XML documents contain regular but flexible structures. Developers can use those structures as a framework on which to build powerful transformative and reporting applications, as well as to establish connections between different parts of documents. XPath and XPointer are two W3C-created technologies that make these structures accessible to applications. XPath is used for locating XML content within an XML document; XPointer is the standard for addressing such content, once located. The two standards are not typically used in isolation but in support of two critical extensions to the core of XML: Extensible Stylesheet Language Transformations (XSLT) and XLink, respectively. They are also finding wide use in other applications that need to reference parts of documents. These two closely related technologies provide the underpinning of an enormous amount of XML processing.
Presumably, if you're browsing a book like this, you already know the rudiments of XML itself. You may have experimented with XSLT but, if so, haven't completely mastered it. (You can't do much in XSLT without first becoming comfortable with at least the basics of XPath.) Similarly, you may have experimented with XLinks; in this case, you've probably focused on linking to entire documents other than the one containing the link. XPointer will be your tool of choice for linking to portions of documents — external to or within the document where the XLink reference is made.

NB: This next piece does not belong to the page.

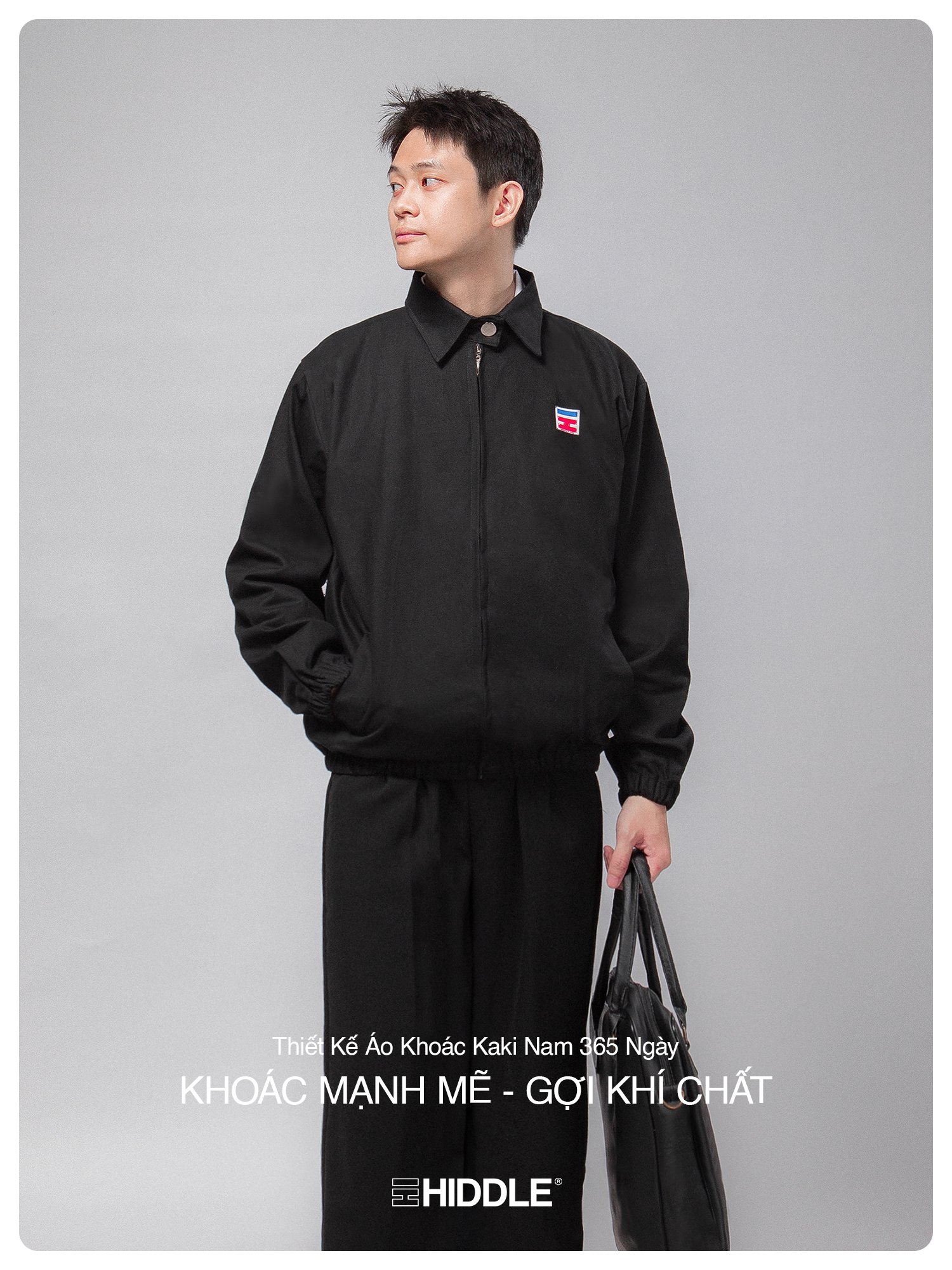 Áo Khoác Kaki Khóa Kéo Basic HIDDLE, Jacket Nam | H02-AK3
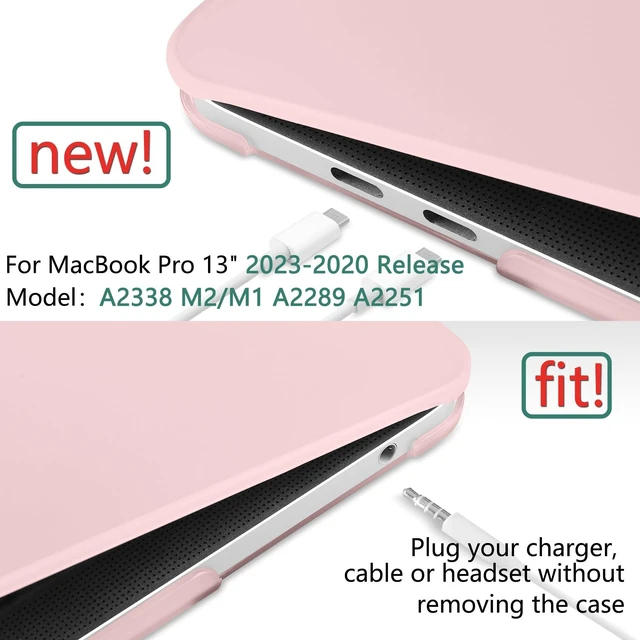 Alt view image 7 of 10 - DONGKE for MacBook Pro 13 inch Case 2023 2022 2021 2020 Release Model: A2338 M2/M1 A2289 A2251 with Touch Bar & Touch ID, Frosted Matte Plastic Hard Shell Case & Keyboard Cover, Solid Pink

As support for XPath is integrated into the Document Object Model (DOM), DOM developers may also find XPath a convenient alternative to walking through document trees. Finally, developers interested in hypertext and other applications where references may have to cross node boundaries will find a thorough explanation of XPointer, the leading technology for creating those references.
If you don't yet understand XML (including XML namespaces) and have never looked at XSLT, you probably need to start with an XML book. John E. Simpson's Just XML (Prentice-Hall PTR) and Erik Ray's Learning XML (O'Reilly & Associates) are both good places to start.